Mengapa perlu sampai membuat deklarasi khusus untuk AI? Bukankah teknologi lain seperti AC, kendaraan, atau bahkan pesawat juga telah lama membantu hidup kita tanpa menimbulkan kecemasan moral yang sama? Jawabannya terletak pada satu kata kunci: kemandirian dalam pengambilan keputusan.
Sejarawan Yuval Noah Harari pernah menyebut bahwa AI berbeda dari teknologi lainnya karena memiliki agency, yaitu kemampuan membuat keputusan sendiri tanpa campur tangan manusia secara langsung. Saat kita menonton video yang “direkomendasikan” oleh TikTok atau Facebook, tak ada manusia yang menunjuk dan memilihkan konten itu satu per satu.
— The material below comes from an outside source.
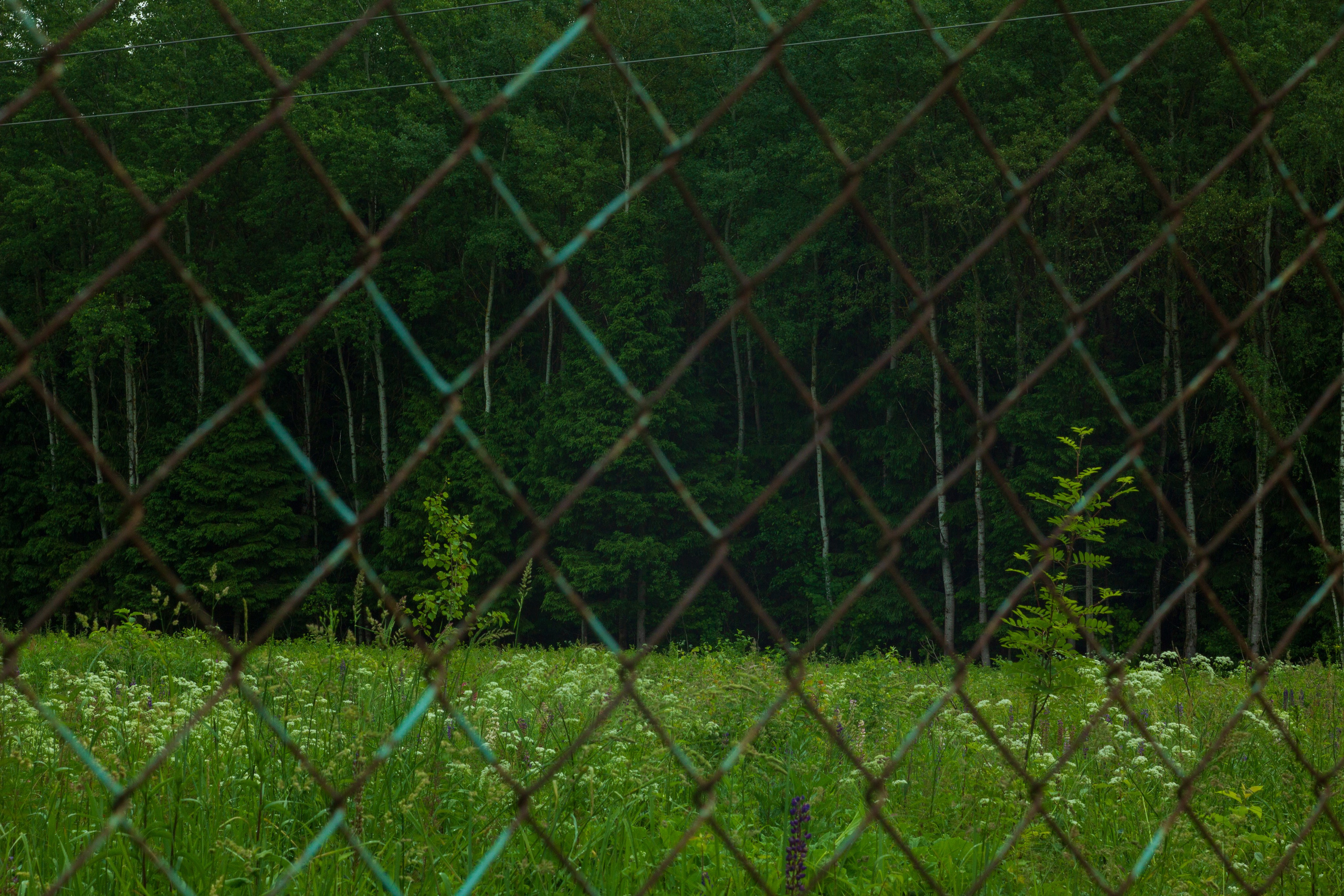 Dacha vibes. Папка кадров 📁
Algoritma yang telah dilatih secara komplekslah yang bekerja—ibarat otak buatan—yang memutuskan konten apa yang akan kita lihat, kita suka, dan bahkan kita percaya.
Pertanyaannya, apakah otak buatan itu memiliki kepekaan terhadap keadilan sosial, pendidikan anak, harmoni masyarakat, atau kesehatan politik publik?
Di sinilah pentingnya Alghorethicts, istilah baru yang menggabungkan “algorithm” dan “ethics”—etika dalam algoritma. Gagasan ini bukan hanya soal mengatur teknologi, tetapi menanamkan nilai tanggung jawab sosial ke dalam mesin yang berpikir. Bahwa sejak awal desain, pelatihan, hingga penerapan kecerdasan buatan, perlu ada muatan nilai kemanusiaan, keadilan, dan keberlanjutan. Namun, siapa yang bertanggung jawab terhadap ini?
Jawabannya: semua pihak. Pembuat kebijakan harus hadir dengan regulasi yang bijak dan progresif. Penyedia teknologi harus berkomitmen pada etika publik, bukan sekadar profit. Dunia pendidikan dan keagamaan—termasuk para pendakwah—perlu aktif membentuk kesadaran moral generasi digital. Pebisnis dan media perlu sadar bahwa algoritma yang mereka kembangkan bukan hanya alat untuk engagement, tapi juga alat yang dapat mempengaruhi nasib manusia dan masyarakat.
Tapi yang paling penting adalah: kesadaran pengguna, baik sebagai pembuat konten, pengapload dan konsumen. Di era ini, semua orang harus mengembangkan kapasitas agency—kemampuan bertindak dengan nilai dan kesadaran. Mulai dari komitmen moral sebagai kompas, kecakapan berpikir kritis, hingga kompetensi digital untuk memverifikasi informasi.

Sebagai seorang muslim, Islam sendiri sejak awal menekankan pentingnya kesadaran moral dan tanggung jawab sosial dalam setiap bentuk kekuasaan, termasuk kekuasaan atas informasi. Dalam Surah Al-Hujurat ayat 6, Allah mengingatkan:
“Wahai orang-orang yang beriman, jika datang kepada kalian orang fasik membawa suatu berita, maka periksalah dengan teliti…”
Prinsip tabayyun ini sejalan dengan semangat Alghorethicts: jangan terima informasi atau keputusan mesin secara buta. Uji, telaah, dan validasi. Imam Al-Ghazali dalam Ihya Ulumuddin juga menekankan bahwa ilmu yang tidak dibimbing oleh akhlak akan menjadi sumber kerusakan, bukan kebaikan.
Maka dari itu, kita semua berada dalam titik balik sejarah. AI bisa menjadi rahmat besar atau bencana moral, tergantung nilai-nilai yang kita tanamkan padanya. Deklarasi Alghorethicts bukanlah akhir, tapi undangan untuk bekerja bersama agar mesin yang cerdas juga menjadi mesin yang beradab. Bagi United in Diversity Alghorethicts adalah bagian komitmen wujudkan transformasi sistem berbasis kesadaran, baik lewat Kepemimpinan berkesadaran maupun gotong royong untuk kebahagian semua.